Source data:
- - - -

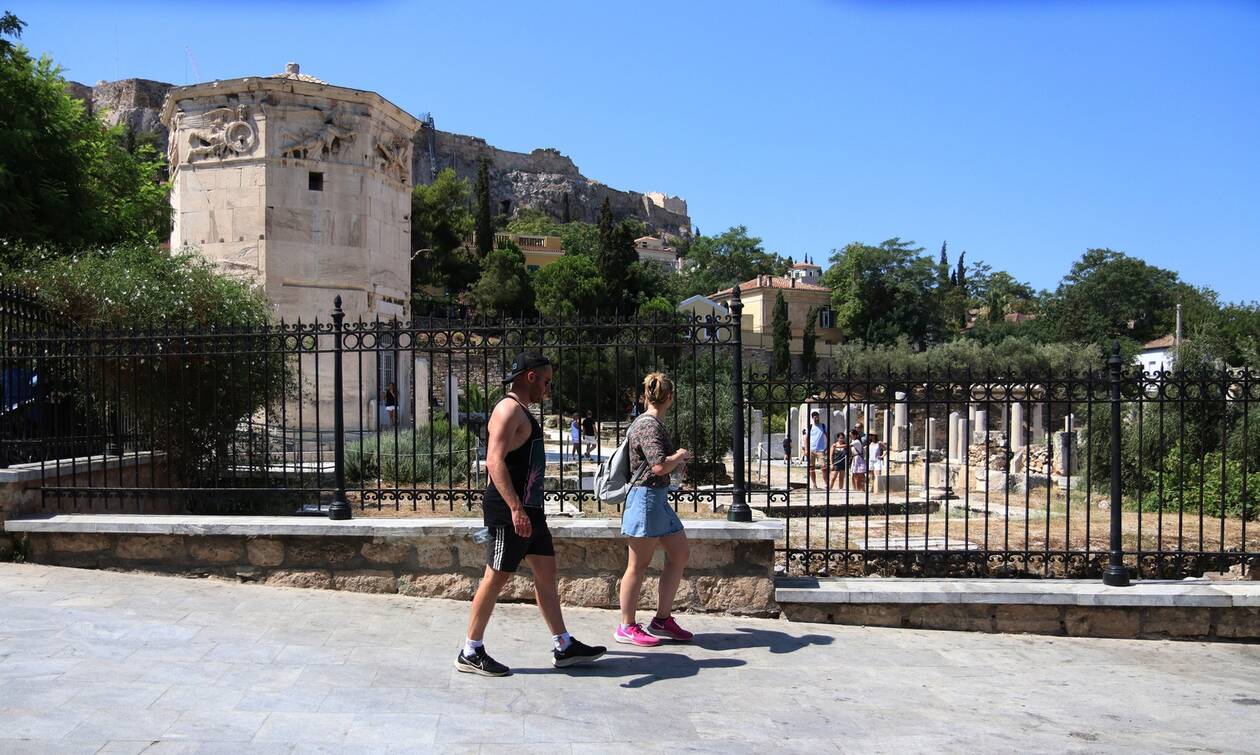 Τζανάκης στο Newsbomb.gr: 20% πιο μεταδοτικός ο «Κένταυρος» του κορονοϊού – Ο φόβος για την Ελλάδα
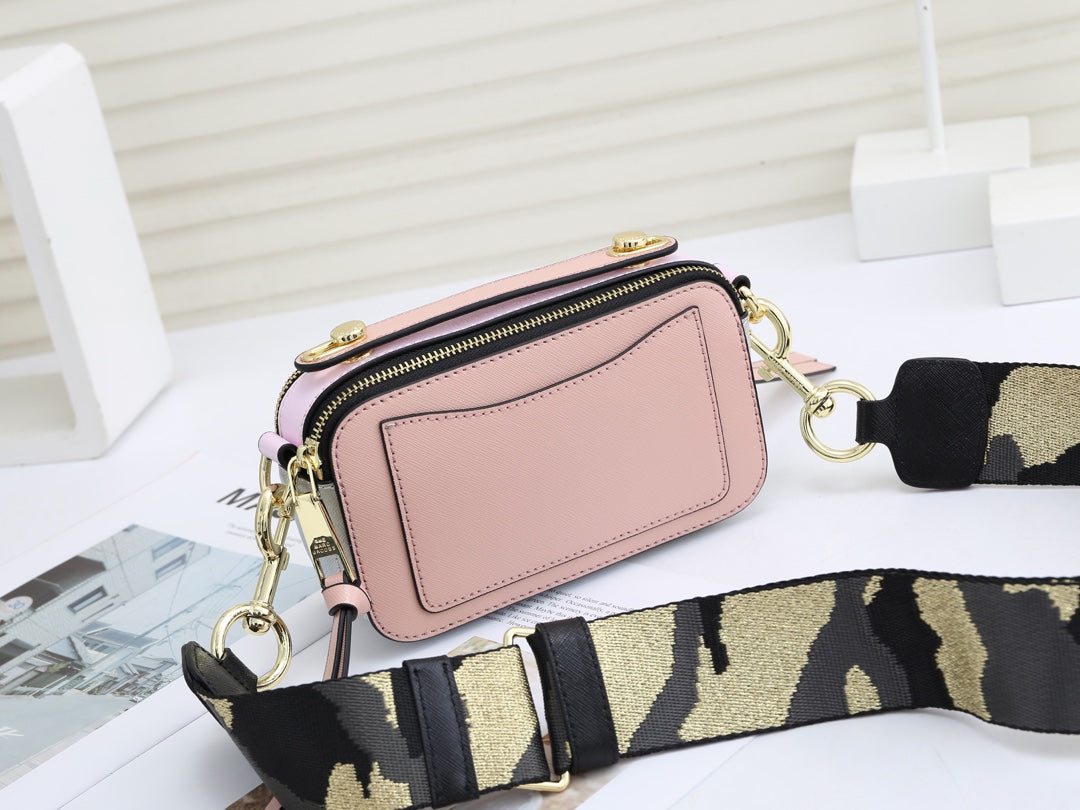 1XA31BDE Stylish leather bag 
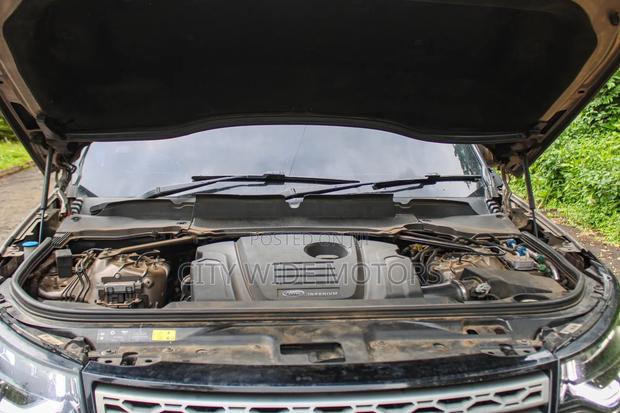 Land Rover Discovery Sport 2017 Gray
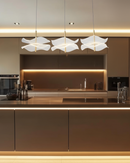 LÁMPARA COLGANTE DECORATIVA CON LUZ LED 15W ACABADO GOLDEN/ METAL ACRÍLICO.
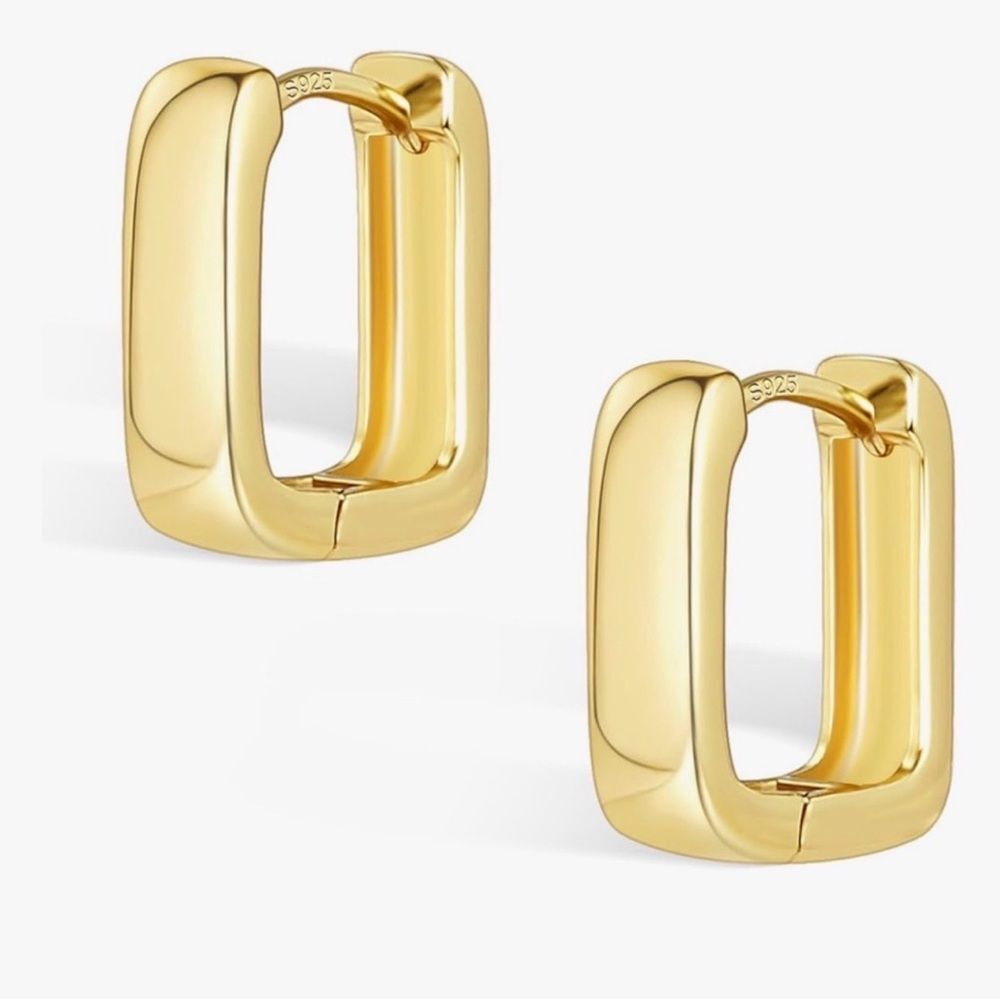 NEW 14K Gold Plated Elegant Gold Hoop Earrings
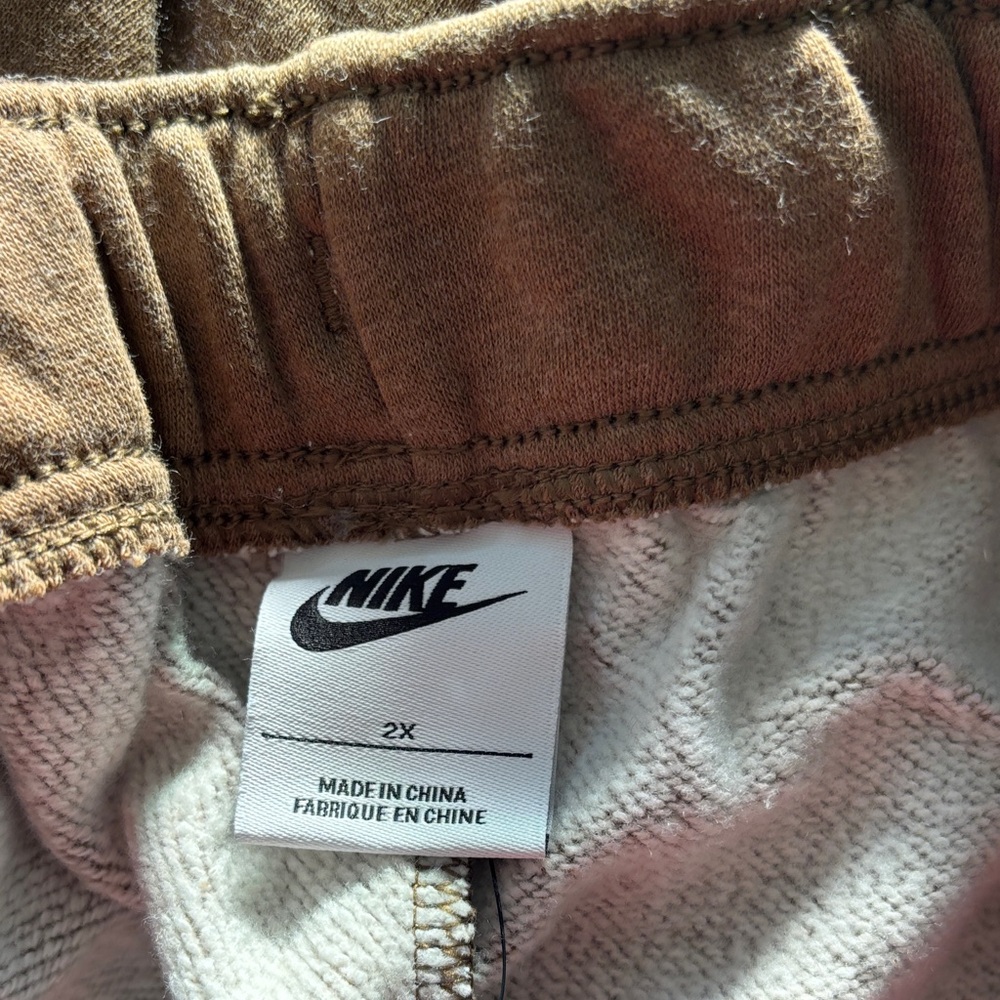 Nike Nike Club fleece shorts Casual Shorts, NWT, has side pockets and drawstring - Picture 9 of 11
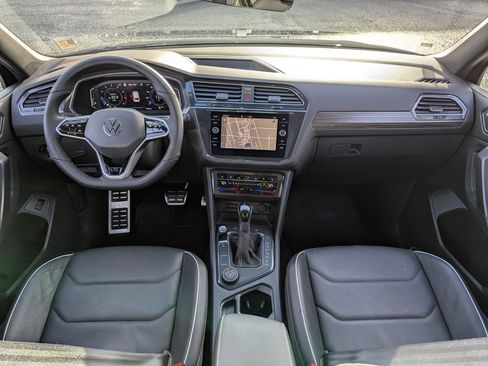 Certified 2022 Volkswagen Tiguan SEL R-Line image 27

- - - -

## TASK TO CARRY OUT:
An exact, picture-free copy of the entries is required.

## RESPONSE AREA:
 Τζανάκης στο Newsbomb.gr: 20% πιο μεταδοτικός ο «Κένταυρος» του κορονοϊού – Ο φόβος για την Ελλάδα
 1XA31BDE Stylish leather bag 
 Land Rover Discovery Sport 2017 Gray
 LÁMPARA COLGANTE DECORATIVA CON LUZ LED 15W ACABADO GOLDEN/ METAL ACRÍLICO.
 NEW 14K Gold Plated Elegant Gold Hoop Earrings
 Nike Nike Club fleece shorts Casual Shorts, NWT, has side pockets and drawstring - Picture 9 of 11
 Certified 2022 Volkswagen Tiguan SEL R-Line image 27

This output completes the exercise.